A duplicate store is a reusable data object in Aperture Data Studio that holds records identified as duplicates during data matching processes. It allows you to persist, manage, and reuse these records across workflows, supporting ongoing data quality efforts.
Each match between two records will have one of the following confidence levels:
| Match status | Description |
|---|---|
| Exact (0) | Each individual field that makes up the record matches exactly. |
| Close (1) | Records might have some fields that match exactly, and some fields that are very similar. |
| Probable (2) | Records might have some fields that match exactly, some fields that are very similar, and some fields that differ a little more. |
| Possible (3) | Records contain the majority of fields that have a number of similarities, but do not match exactly. |
| None (4) | Records do not match. |
Rules and blocking keys define how records are grouped into clusters within a duplicate store. Aperture Match first creates blocks of similar records, which reduces the number of records that need to be compared. This is done to make the duplicate detection process more efficient. Blocks of records are generated based on a blocking key, which is made up of a combination of record elements.

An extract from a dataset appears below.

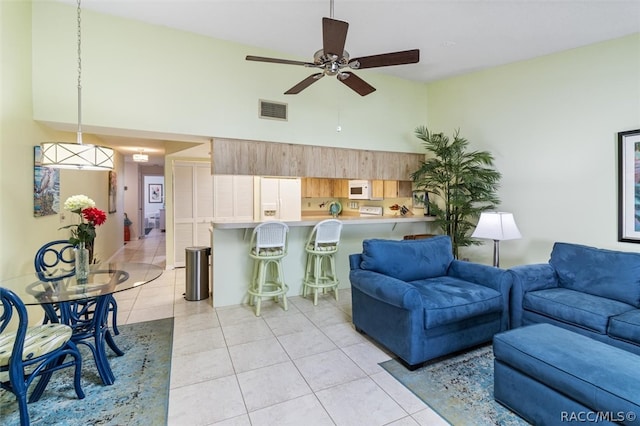 tiled living room with ceiling fan and high vaulted ceiling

Every pair of records in the resulting block is then compared using a set of matching rules, which are logical expressions that control the match level returned.

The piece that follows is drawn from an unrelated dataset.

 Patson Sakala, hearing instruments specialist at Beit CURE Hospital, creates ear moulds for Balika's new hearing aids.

Combinations of matching rules and blocking keys can be stored in Step settings. During Duplicate store configuration, rules and keys can either be entered manually or selected from the available sets in Step Settings.
Additional sets of matching rules can be defined for use when searching the duplicate store using the bulk or real-time Search steps. Search rules can be configured to use all, or a subset of, the blocking keys defined for the store.

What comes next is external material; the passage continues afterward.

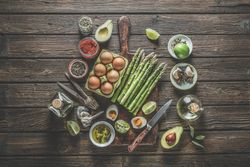 Various healthy cooking ingredients: green asparagus bunch, eggs, spices, avocado, lime,  olive oil and kitchen utensils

A cluster is a collection of records that have been identified as representing the same entity using the rules defined for the duplicate store. Each top level cluster is identified by a unique cluster ID.
Aperture Match introduces a new approach to clustering. The previous version of Find Duplicates assigned a single match level to an entire cluster which, for clusters with more than two records, potentially hides useful information. Hierarchical clustering allows each record to belong to multiple clusters, each with different match levels. For example, a record could be in an “Exact” level cluster with one other record and also in a “Probable” level cluster with the second record and two other records.
This approach provides greater visibility into the structure of match results, particularly for larger clusters. If you want to see which records are really similar to a record, you can find those that share its “Exact” level cluster or to see records that are at least a little similar, you can look at its “Possible” level cluster. The Possible level cluster will be a superset of the "Exact" level cluster.
Cluster refinement allows you more control over how matched records are grouped into clusters. After records are clustered based on the configured matching rules, you can manually refine clusters either by using match level review, which presents clusters containing lower confidence matches (probable or possible) for review, or through selective review, where you can search for specific records or clusters to review and refine.